Mutation: This is dependent on your representation, look at the lecture slides for some ideas on
which mutation to implement given your representation. Your mutation function must take a single
integer parameter which will determine how many times it is repeated on a solution (e.g. M(1) –
one mutation per chromosome, M(3) – 3 mutations).
Weakest Replacement: If the new solution is fitter than the worst in the population, then overwrite
the worst (breaking ties randomly) with the new solution.
Implementation and Experimentation
Implement the described EA in such a way that you can address the above problem and then run the
experiments described below and answer the subsequent questions. Note that, in all of the below, a
single trial means that you run the algorithm once and stop it when 10,000 fitness evaluations have
been reached. Different trials of the same algorithm should be seeded with different random
number seeds.
You should devise your own set of experiments to determine what effect (if any) the following
parameters have on the performance of the optimisation:
1. Tournament size(t)
2. Population size (p)
3. Mutation rate (i.e. the parameter identified in the mutation operator above) (m)
Your experiments should assess the performance of the algorithm over a number of randomly seeded
trials for each setting of t, p, m, to provide robust results.
Analysis
Record the best fitness reached at the end of each trial and any other variables during the run that
you think will be important in answering the following questions.
Hint: You should think carefully about how best to present your results to show the behaviour of the
algorithm during your trials
Question 1: Which combination of parameters produces the best results?
Question 2: Why do you think this is the case?
Question 3: What was the effect when you removed mutation?
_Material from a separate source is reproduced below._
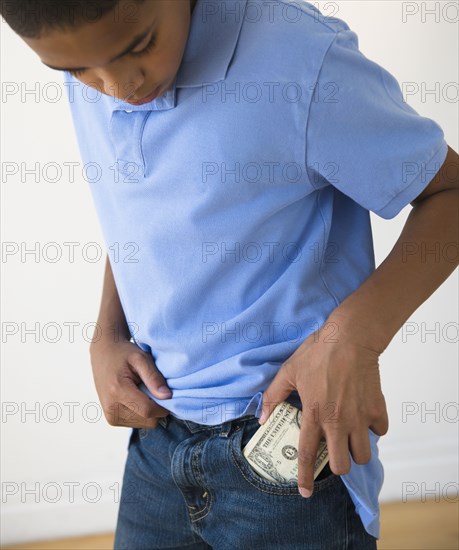 Hispanic boy putting in pocket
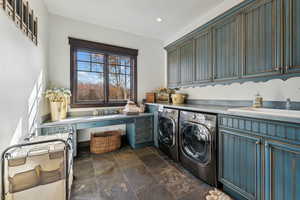 Clothes washing area featuring cabinets, separate washer and dryer, and sink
What about crossover?
Question 4: If you were to extend your EA to work with a multi-objective version of this problem,
which functions in your program would you change and why?
In your answers, describe your observations of the results, and describe any tentative explanations or
conclusions you feel like making, in addition to any further experiments you felt it interesting or useful
to do to answer the above questions or to further your understanding of the algorithm parameters.
Submission
Report: Submit your report via E-BART by 12noon on the hand-in date shown above. The report
should have a maximum of 5 pages (5 sides of A4) which should include a description of your
experiments where tables and/or graphs of results should take up no more than 3-4 sides, with the
remaining space used to answer the questions above.
Code: Submit your clearly commented code as a zip file using the CEMPS electronic ‘CA Submit’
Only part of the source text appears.